* [Supplied records]
= = = = =
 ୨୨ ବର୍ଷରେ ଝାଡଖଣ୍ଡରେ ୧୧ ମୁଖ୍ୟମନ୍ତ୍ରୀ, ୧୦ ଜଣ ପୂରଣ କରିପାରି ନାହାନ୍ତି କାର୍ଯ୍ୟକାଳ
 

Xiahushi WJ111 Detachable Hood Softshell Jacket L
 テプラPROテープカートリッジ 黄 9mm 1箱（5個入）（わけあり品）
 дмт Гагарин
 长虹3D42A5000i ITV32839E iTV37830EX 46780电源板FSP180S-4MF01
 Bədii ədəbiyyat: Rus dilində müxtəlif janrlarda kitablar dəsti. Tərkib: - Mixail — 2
= = = = =
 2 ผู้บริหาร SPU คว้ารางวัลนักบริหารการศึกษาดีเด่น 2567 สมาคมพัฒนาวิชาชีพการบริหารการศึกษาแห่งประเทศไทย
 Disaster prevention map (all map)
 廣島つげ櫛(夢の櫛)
= = = = =
* [Assignment] Write out exactly the lines above between the line with "୨୨ ବର୍ଷରେ ଝାଡଖଣ୍ଡରେ" and the line with "Bədii ədəbiyyat: Rus", inclusive, and nothing beyond them.

* [Output]
 ୨୨ ବର୍ଷରେ ଝାଡଖଣ୍ଡରେ ୧୧ ମୁଖ୍ୟମନ୍ତ୍ରୀ, ୧୦ ଜଣ ପୂରଣ କରିପାରି ନାହାନ୍ତି କାର୍ଯ୍ୟକାଳ
 

Xiahushi WJ111 Detachable Hood Softshell Jacket L
 テプラPROテープカートリッジ 黄 9mm 1箱（5個入）（わけあり品）
 дмт Гагарин
 长虹3D42A5000i ITV32839E iTV37830EX 46780电源板FSP180S-4MF01
 Bədii ədəbiyyat: Rus dilində müxtəlif janrlarda kitablar dəsti. Tərkib: - Mixail — 2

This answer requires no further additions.